INPUT DATA:
▼

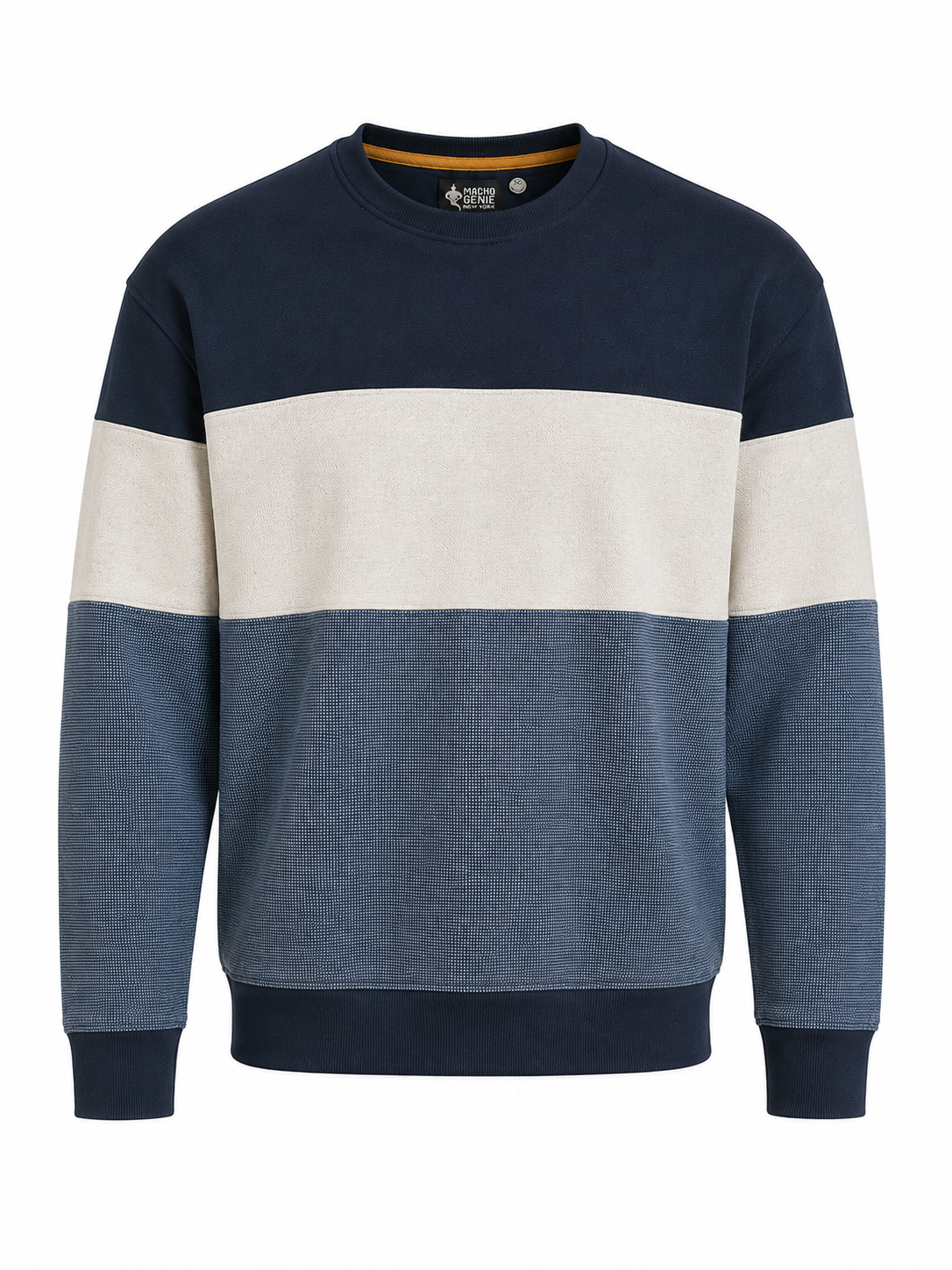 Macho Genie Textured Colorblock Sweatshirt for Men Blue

▲
▼

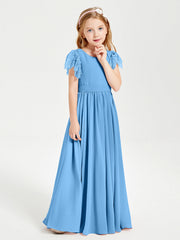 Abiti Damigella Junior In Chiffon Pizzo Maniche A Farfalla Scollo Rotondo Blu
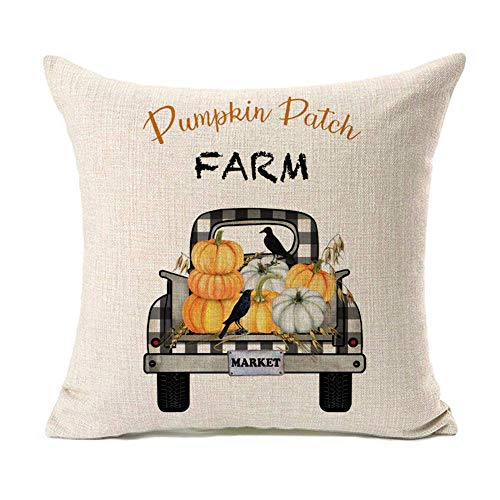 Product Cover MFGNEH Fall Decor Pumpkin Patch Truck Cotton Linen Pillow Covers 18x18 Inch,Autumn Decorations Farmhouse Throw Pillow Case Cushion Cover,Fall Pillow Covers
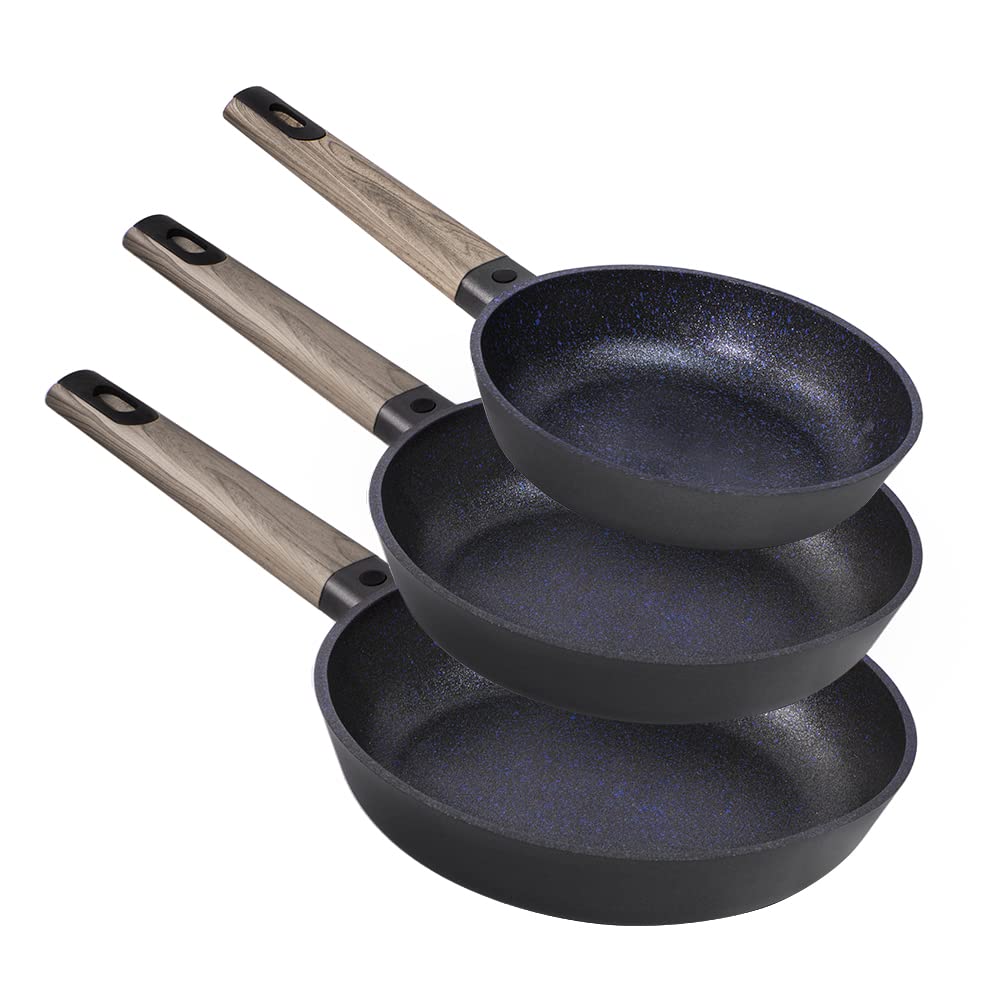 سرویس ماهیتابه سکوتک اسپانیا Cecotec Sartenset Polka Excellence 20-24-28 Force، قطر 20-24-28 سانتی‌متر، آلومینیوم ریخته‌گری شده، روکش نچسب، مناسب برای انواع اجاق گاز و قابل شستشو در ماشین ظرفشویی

▲
▼

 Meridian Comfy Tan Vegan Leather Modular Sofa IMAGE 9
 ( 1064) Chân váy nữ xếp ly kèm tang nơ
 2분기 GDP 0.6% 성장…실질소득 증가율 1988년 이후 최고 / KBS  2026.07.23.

▲

TASK ITEM:
Please give again the lines above between the line holding "( 1064) Chân váy nữ xếp ly kèm tang nơ" and the line holding "2분기 GDP 0.6%", inclusive, exactly as they are and with nothing added.

SOLUTION TO THIS PROBLEM:
 ( 1064) Chân váy nữ xếp ly kèm tang nơ
 2분기 GDP 0.6% 성장…실질소득 증가율 1988년 이후 최고 / KBS  2026.07.23.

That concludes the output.